## TASK INSTRUCTIONS
Please restate, word for word, the lines below that begin at the one with "Giant Panda-DLILLC-Framed Photographic Print" and end at the one with "Symptoms and treatment". Leave out all other lines.

## DATA TO EXAMINE
== == ==
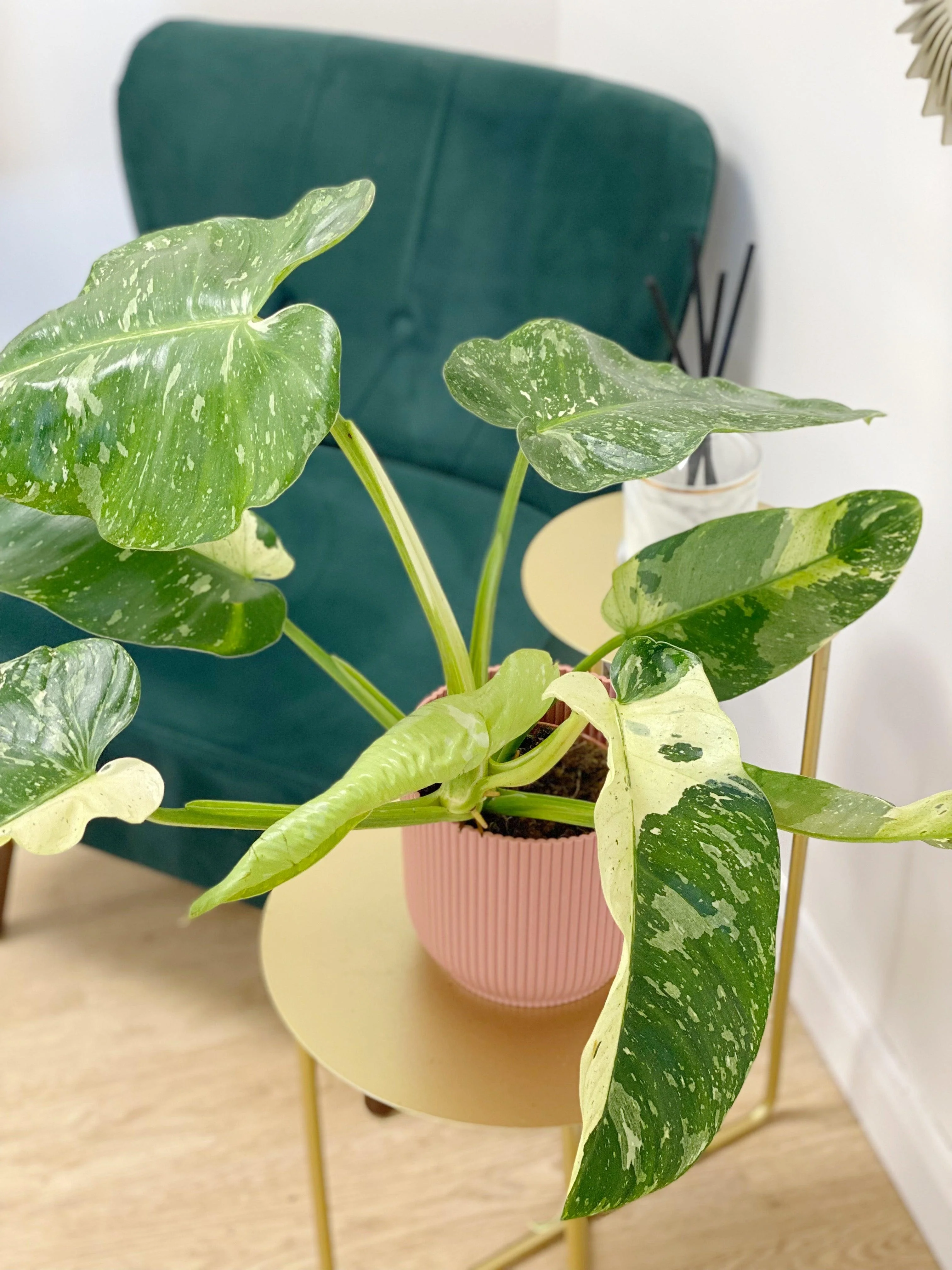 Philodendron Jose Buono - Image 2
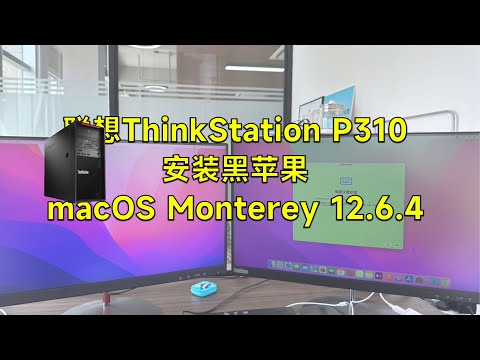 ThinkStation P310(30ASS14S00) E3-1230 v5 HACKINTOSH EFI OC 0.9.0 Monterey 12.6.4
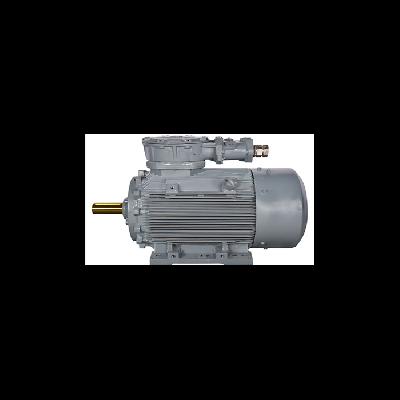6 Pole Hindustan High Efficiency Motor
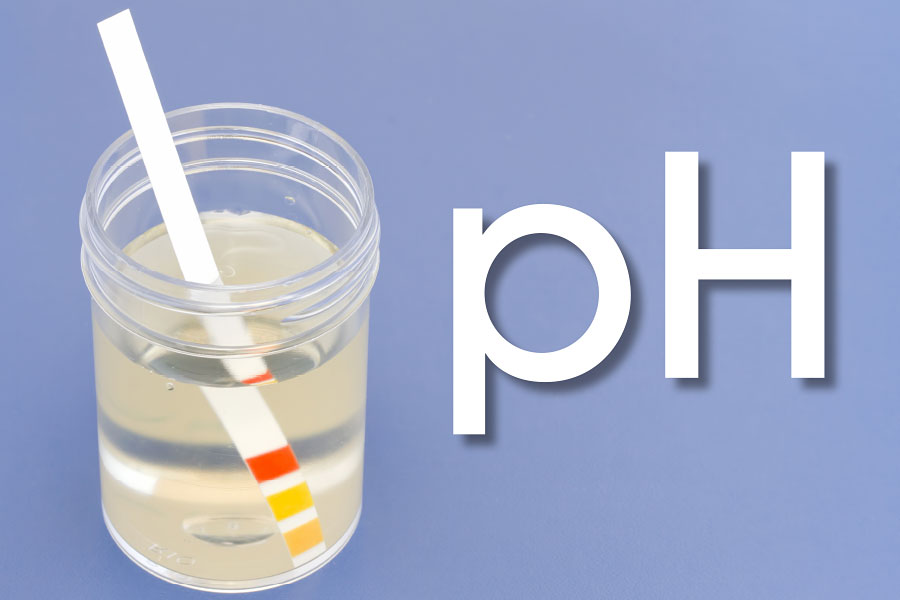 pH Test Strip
== == ==
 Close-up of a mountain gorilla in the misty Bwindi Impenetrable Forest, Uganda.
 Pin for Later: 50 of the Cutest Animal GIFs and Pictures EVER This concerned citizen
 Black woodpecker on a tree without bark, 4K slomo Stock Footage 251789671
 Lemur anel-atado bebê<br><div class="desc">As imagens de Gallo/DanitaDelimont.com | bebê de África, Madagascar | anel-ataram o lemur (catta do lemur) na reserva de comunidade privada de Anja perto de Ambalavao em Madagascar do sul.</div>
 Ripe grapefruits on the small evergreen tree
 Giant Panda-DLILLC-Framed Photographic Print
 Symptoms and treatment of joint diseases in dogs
== == ==
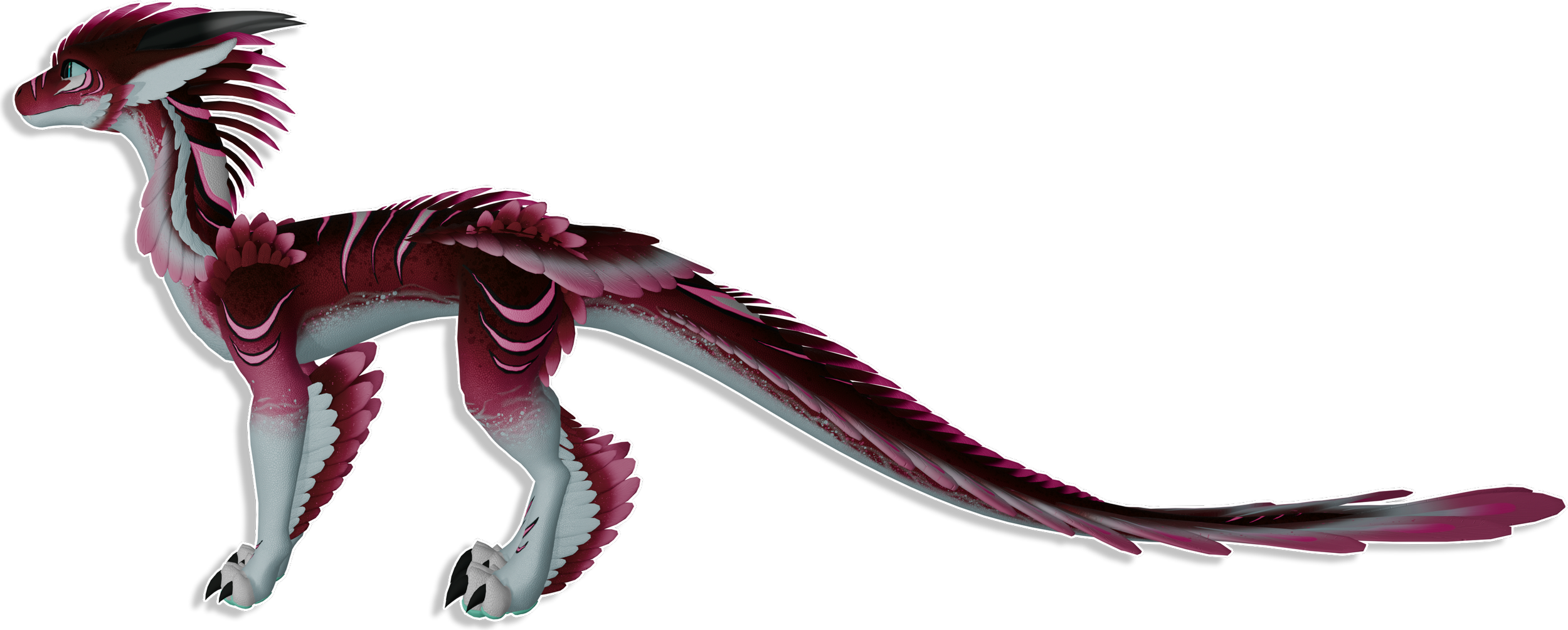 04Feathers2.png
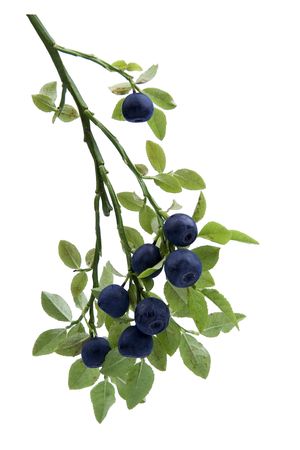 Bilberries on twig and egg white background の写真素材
== == ==
## RESULT
 Giant Panda-DLILLC-Framed Photographic Print
 Symptoms and treatment of joint diseases in dogs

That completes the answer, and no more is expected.